Section 4.3 oblivious_trees
This is the list of trees. Each tree is computed separately. I will try to explain these trees by computing tree values for example trees.
Example 1
{
"leaf_weights":[2, 49, 18, 931],
"leaf_values":[1.153793657, 0.3428686569, 0.06438921655, 0.0150123653],
"splits":
[
{
"split_index":189,
"split_type":"OnlineCtr",
"border":3.999999046,
"ctr_target_border_idx":0
},
{
"split_index":86,
"split_type":"OnlineCtr",
"border":4.999999046,
"ctr_target_border_idx":0
}
]
}
There are 2 important parts
splits : List of conditions to be used in different levels of tree. Since Catboost generate Symmetric trees we need only len(splits) = depth of tree. This list is in reverse order i.e. last element in the list is used in root of the tree. We just need "split_index" from this part to compute the node values.
leaf_values: there are 2^(tree_depth) number of values in this representing terminal node values of the complete tree from left to right. We just need split_index to compute the node value.
Section 4.6.1
If split_type of split is "OneHotFeature", it might not be listed in the features_info section, but it is still the part of global list of split_indexes.
For Example in sample_model.json
oblivious_trees[1]['splits][0] =
{
"split_index": 28,
"cat_feature_index": 5,
"value": -845129958,
"split_type": 'OneHotFeature'
}
so some of the split indexes needs to be derived from here. These indexes start just after OneHot feature values and before ctrs.

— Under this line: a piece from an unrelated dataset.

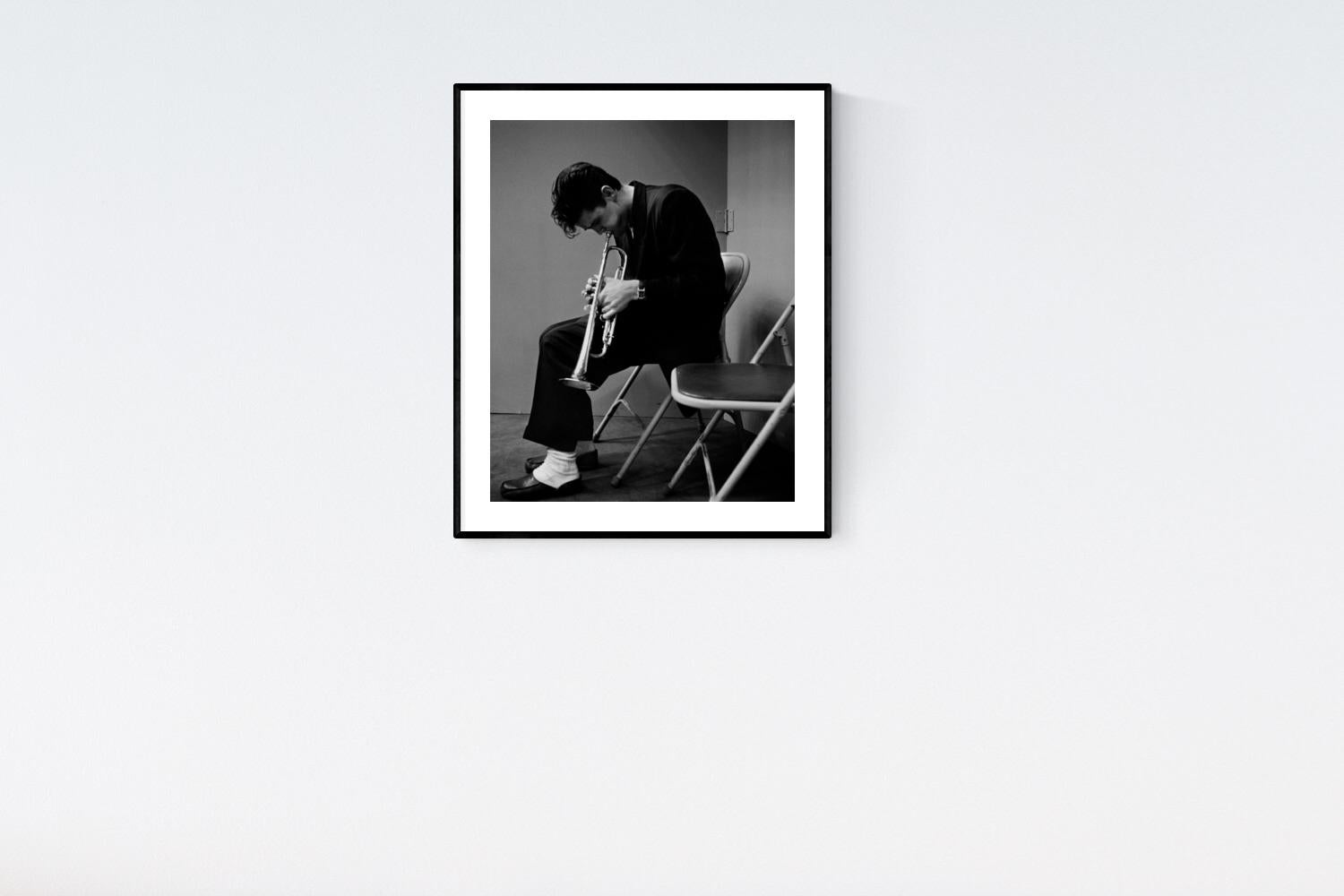 Chet Baker, 1953  - Bob Willoughby (photographie de portrait) en vente 1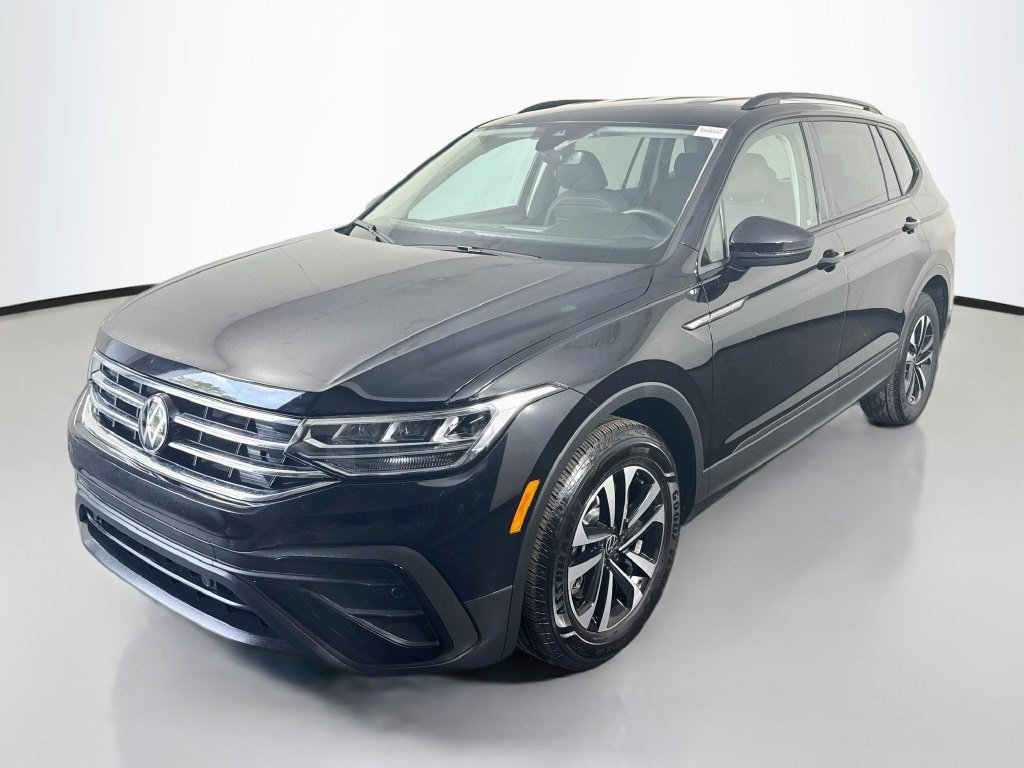 Used 2024 Volkswagen Tiguan S FWD image 4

I will compute the above tree example along with few more trees for the one row below
For root node (split_index = 86), find the split index using section 4.1
split_index(86) =
{
"prior_numerator": 0,
"shift": 0,
"ctr_type": 'Counter',
"scale": 15,
"elements":
[
{
"cat_feature_index": 0,
"combination_element": 'cat_feature_value'
},
{
"cat_feature_index": 2,
"combination_element": 'cat_feature_value'
}
],
"identifier": '{"identifier":[{"cat_feature_index":0,"combination_element":"cat_feature_value"},{"cat_feature_index":2,"combination_element":"cat_feature_value"}],"type":"Counter"}',
"prior_denomerator": 1,
"border" = 4.999999046
}
Compute the hash to be used for ctr_data using section 3 and Section 4.1.4
cat_feature_index(0) = "day"
input["day"] = "fri"
CityHash("fri") = 2386474191
MAGIC_MULT * ( 0 + MAGIC_MULT * 2386474191 ) = 10849034401243659895
cat_feature_index(2) = "month"
input["month"] = "oct"
CityHash("oct") = 964427042
MAGIC_MULT * ( 10849034401243659895 + MAGIC_MULT * 964427042 ) = 7913951620039613893
using section 4.2 find values to be used to compute CTR at the node
ctr_hash['{"identifier":[{"cat_feature_index":0,"combination_element":"cat_feature_value"},{"cat_feature_index":2,"combination_element":"cat_feature_value"}],"type":"Counter"}']['hash_map'][7913951620039613893] =
{
"count" = 12,
"counter_denominator" = 23
}
using section 2.1 to compute the node and compare it with border to find the next node.
15 * ((0 + 12)/(1 + 23)) = 7.5
7.5 >= 4.999999046 is True so traverse to Right Node.
split_index(189) =
{
"prior_numerator": 0.5,
"shift": 0,
"scale": 15,
"elements":
[
{
"cat_feature_index": 2,
"combination_element": "cat_feature_value"
}
],
"identifier": '{"identifier":[{"cat_feature_index":2,"combination_element":"cat_feature_value"}],"type":"Borders"}',
"prior_denomerator": 1,
"ctr_type" : "Border",
"border" = 3.999999046
}
using section 3 & section 4.1.4
cat_feature_index(2) = "month"
input["month"] = "oct"
CityHash("oct") = 964427042
MAGIC_MULT * ( 0 + MAGIC_MULT * 964427042 ) = 14429572201882049490
ctr_data['{"identifier":[{"cat_feature_index":2,"combination_element":"cat_feature_value"}],"type":"Borders"}']['hash_map'][14429572201882049490] =
{
"successes": 51,
"failures" : 43
}
using section 2.2
0 + 15 * ((0.5 + 51)/(0.5 + 51 + 1 + 43)) = 8.089005235602095
8.089005235602095 >= 3.999999046 is True so traverse to Right node
Reached terminal node so value of the tree is value of terminal node.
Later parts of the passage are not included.